▶ Data extracted from a collection
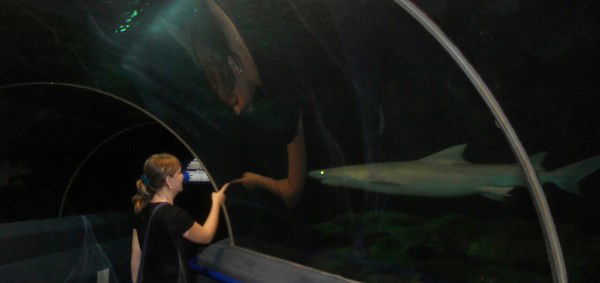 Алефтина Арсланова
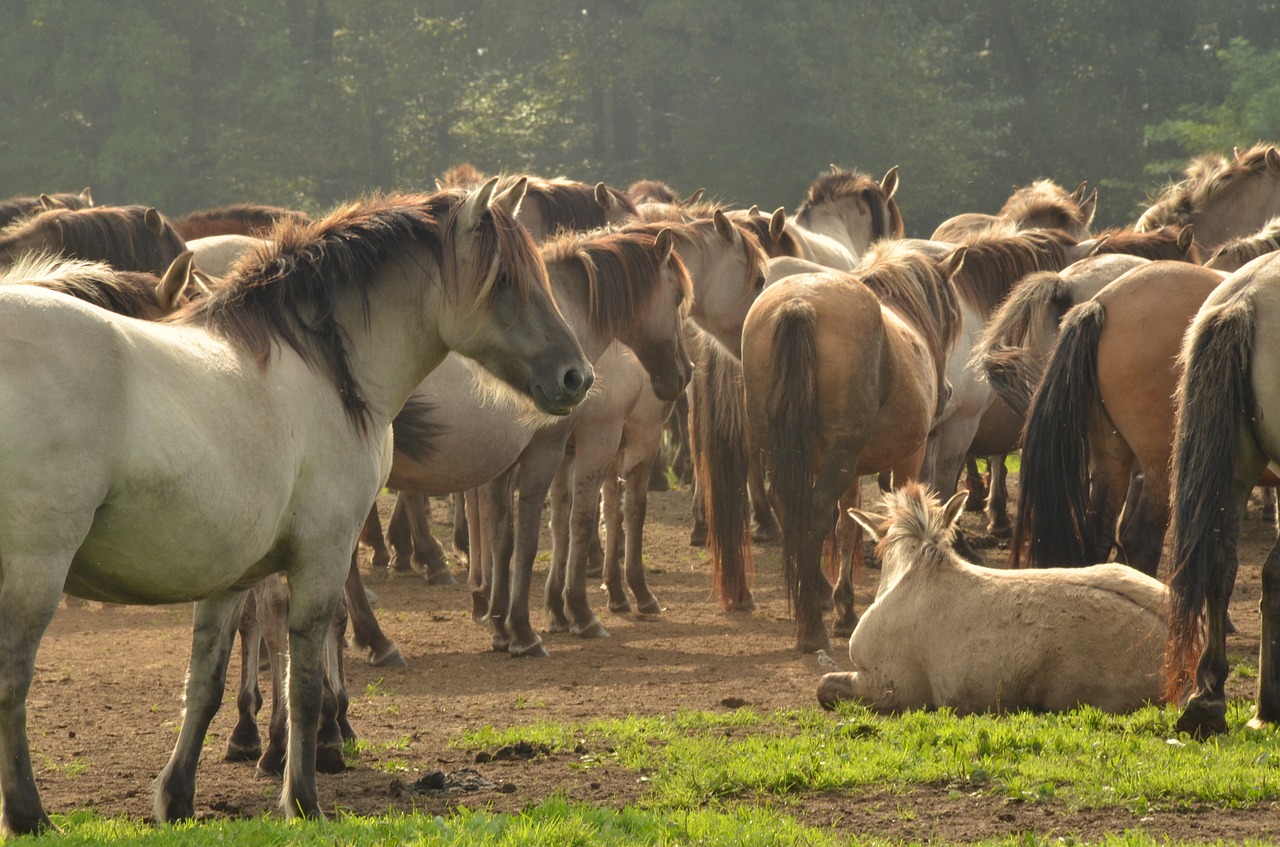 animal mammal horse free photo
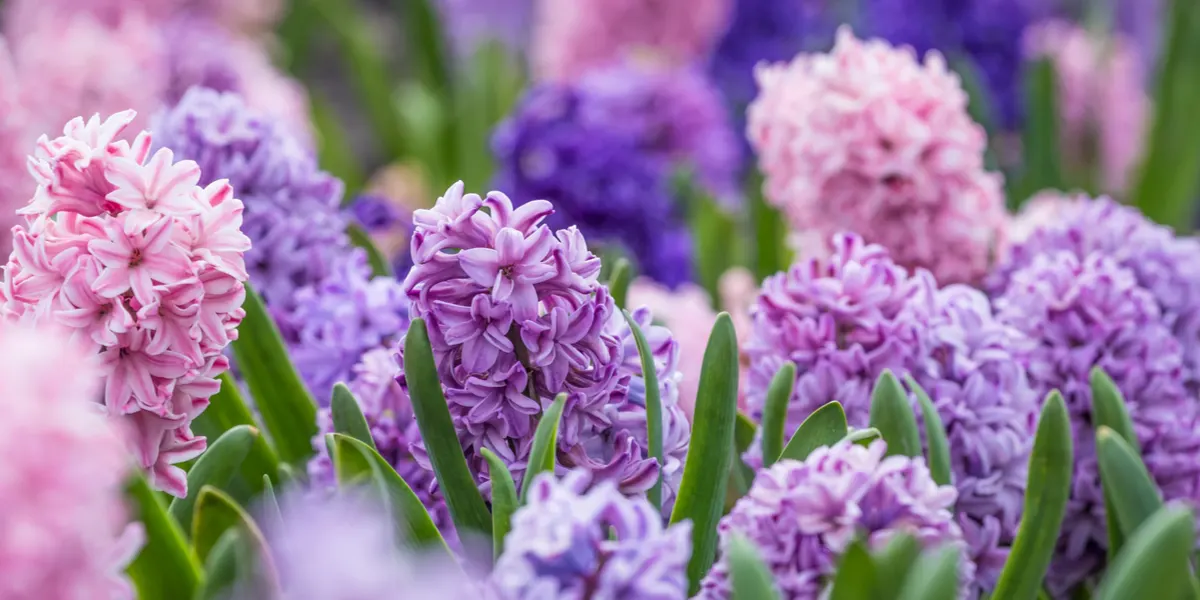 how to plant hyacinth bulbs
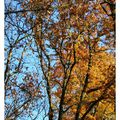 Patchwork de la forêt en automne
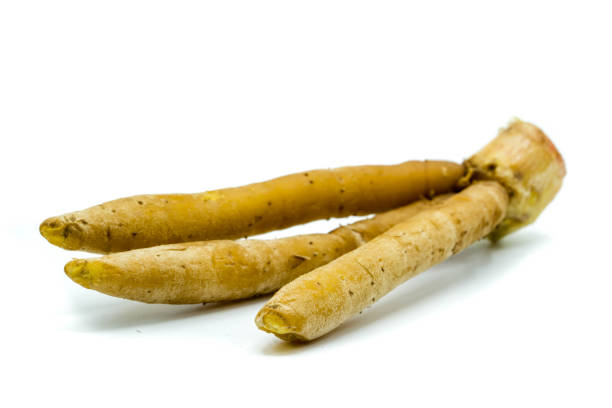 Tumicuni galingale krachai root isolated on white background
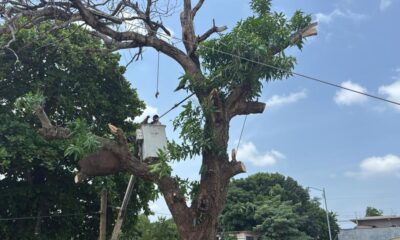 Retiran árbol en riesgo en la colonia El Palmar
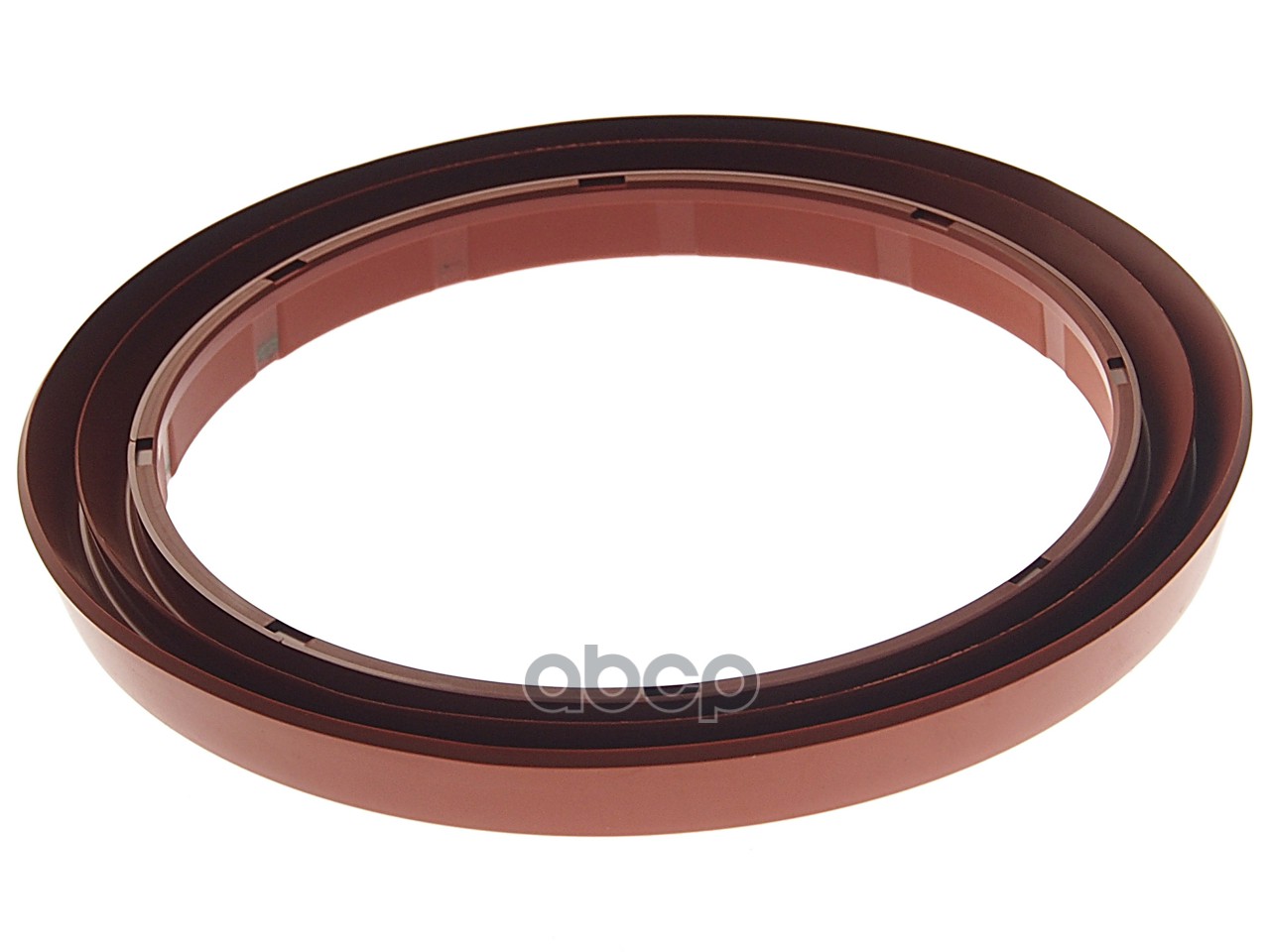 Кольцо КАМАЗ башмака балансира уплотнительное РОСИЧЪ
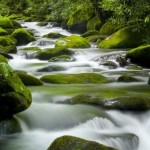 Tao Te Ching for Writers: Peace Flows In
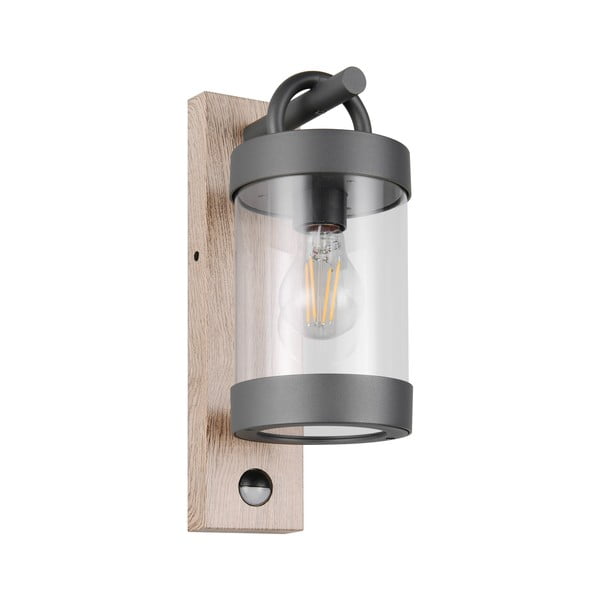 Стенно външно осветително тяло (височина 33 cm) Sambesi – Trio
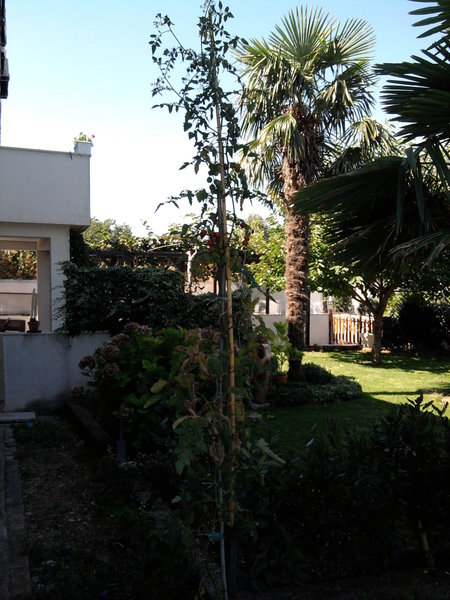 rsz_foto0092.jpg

▶ REQUIRED WORK
In your answer, repeat all the entries exactly, but leave out the pictures.

▶ SOLUTION FOR THIS EXERCISE
 Алефтина Арсланова
 animal mammal horse free photo
 how to plant hyacinth bulbs
 Patchwork de la forêt en automne
 Tumicuni galingale krachai root isolated on white background
 Retiran árbol en riesgo en la colonia El Palmar
 Кольцо КАМАЗ башмака балансира уплотнительное РОСИЧЪ
 Tao Te Ching for Writers: Peace Flows In
 Стенно външно осветително тяло (височина 33 cm) Sambesi – Trio
 rsz_foto0092.jpg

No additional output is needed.